Olmert’s preamble done, he handed over the meeting to Meir Dagan who sat across the table from the prime minister. He, too, had news from Washington. While there was no evident split within the Bush administration, his station chief in the capital had picked up that Condoleezza Rice had modified her position over whether it was not yet “conducive” to formally intervene in the conflict. The Mossad man had learned from his own sources within the State Department that Rice had redefined her role to that “of a mediator waiting to intervene.” It was still too early for her to resume her shuttle diplomacy, but she hoped that day was coming soon. In Dagan’s judgment this could be interpreted as the secretary of state, for the moment, continuing to take a back seat in the crisis while the neo-conservatives around Bush maintained their position of all-out support for military action. It was the latest steps in that action which preoccupied air force chiefs Major General Elyezer Shkedy, Commander of the Israeli Air Force, and Major General David Ben Ba’ashat, Commander of the Israeli Navy. Sitting around the table were the other men charged with running the war. Lieutenant General Dan Halutz as Chief of Staff sat next to Olmert. He was the highest ranking officer in the room and the Minister of Defense had, since 1976, held overall command of the IDF. He was represented by Colonel Yaakov Toran, Director General of the Ministry. Olmert’s cabinet was also asked to approve all military policies and operations. In reality, this was done by the Foreign Affairs and Security Committee, but the decisions taken in the war room had so far not been challenged—and were unlikely to be.

Next to Halutz sat his deputy, Major General Moshe Kaplinsky, and Amos Yedlin, Director of Military Intelligence. Others around the table included the three key field commanders, Major General Yair Naveh of Central Command, Major General Yoav Gallant of the Southern Command with responsibility for watching over the Sinai, and Major General “Udi” Adam who was the northern field commander at the cutting edge of the conflict with daily responsibility for running the war in south Lebanon. Toughened by years of fighting, the three officers gave their reports in the clipped language of seasoned military briefers. Another important member of the gathering was Major General Avichi Mendelblit, the IDF’s Military Advocate General. Among his many responsibilities was to ensure that the air attacks would avoid being labeled as war crimes. Brigadier General Moshe Lipel, the IDF’s Financial Adviser, was present to give the daily cost of running the war. Down to the last tank-shell fired and the sticks of bombs dropped, all was accounted for.

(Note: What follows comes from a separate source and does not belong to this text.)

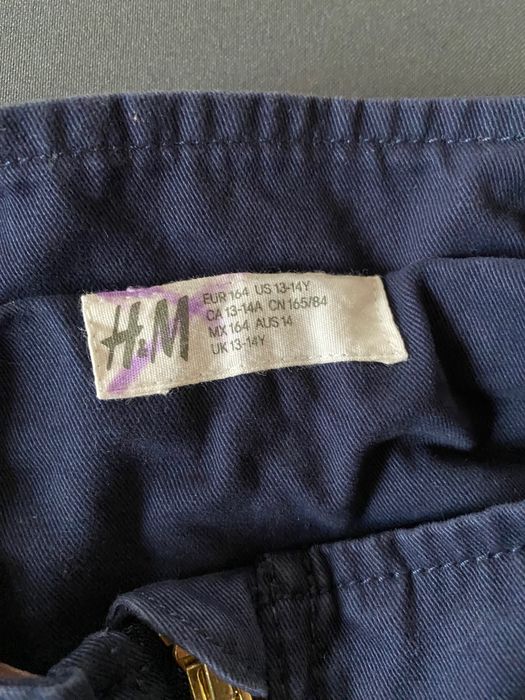 Вітровка куртка H&M 164 розмір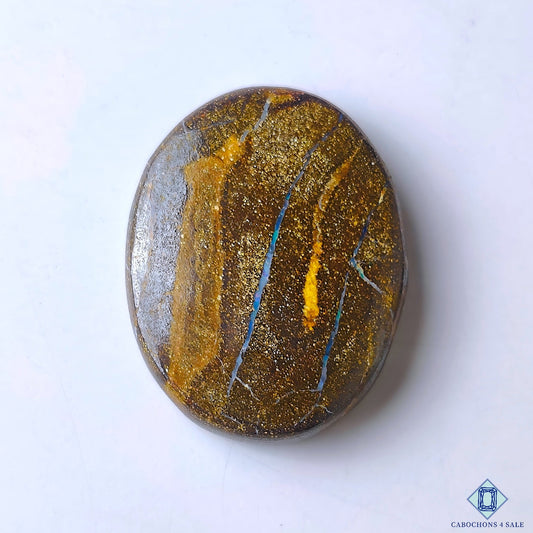 Boulder Opal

Miri Regev, the articulate chief spokesman for the IDF from 2002–2007, sat down-table. He would later be responsible for trying to convince an increasingly skeptical world that Israel had no alternative but to continue to strike hard. Others around the table guarded their anonymity. They included the head of Special Forces, whose recent commando raid deep into the Beka’a Valley had echoes of the raid on Entebbe. Then it was to rescue civilians held by another terror group. The Beka’a raid came after Dagan’s deep-cover agents in the valley reported that the two Israeli soldiers captured by Hezbollah and its leader, Hassan Nasrallah, were hiding there. Neither the soldiers nor Nasrallah were found.